Always dreamed of making money investing in residential real estate?
Many investors have done just that so it’s definitely possible to be financially successful at it. Increase your chances of building your net worth through real estate investing by avoiding these rookie missteps.
Thinking It’s an Easy Way to Make Money
It’s not a get rich quick scheme. Successful real estate investors put in long and sometimes aggravating hours finding and then managing their property portfolio. If you’re up for committing the necessary time, taking some financial risk and having periodic property management aggravation, then real estate investing may be a good option for you.
Real estate success comes from making informed decisions, practicing good due diligence about the properties you purchase and always running the numbers thoroughly to make sure the financial reward outweighs the risks you are taking on.
Paying Too High a Price
Investors are human and can fall prey to getting caught up in the moment and paying too much for a property, especially in “hot” property markets. But you’re doing this to make a solid financial return, so take a deep breath and make sure that great deal will really pay off for you.
There is a direct relationship between the purchase price and how much it will cost you to carry the property every month. Real estate wealth is built through the use of leverage, so there will probably be a mortgage. The more expensive that is to carry, the more cash flow you’ll need to generate from tenants so make sure the rent you need to charge your tenants is actually supported by the local leasing market.

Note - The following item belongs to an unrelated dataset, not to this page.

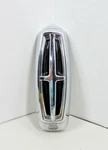 Oem Lincoln Nautilus Front Grille Emblem 2020 2021 2022 KA1B-8C324-BAW. Fixed Price $69.95.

Paying too much for a property will also reduce your profit when you sell it so make an offer and negotiate only after you’ve studied the market thoroughly. Don’t rely on someone else telling you it’s a good deal.
Not Understanding the Risks
Real estate investments come with various types of risk. They are illiquid so it ties up your money for an extended time and property owners are liable for what happens on the property. So some of the questions to ask yourself are:
- How much money can you afford to place at risk without jeopardizing your current financial position?
- Do you know what the legal obligations of tenants and landlords are under federal, state and local housing laws?
- Do you have the proper insurance to insulate you from property related liability costs?
- Have you consulted an attorney to set the purchase up in a way that helps insulates you from potential liabilities?
- Do you have available financial resources to handle slow rental periods without defaulting on the mortgage?
There are many other questions to sift through so be sure to create a business plan before proceeding. It will help you avoid mistakes when you are caught up in the property acquisition process. And a business plan will allow you to benchmark how well this investment is doing relative to your financial expectations, both short and long term.
You can make money, sometimes a lot of money, with good real estate investments. To do so, be realistic about financial risks and rewards, work the numbers and do your homework before putting money on the line.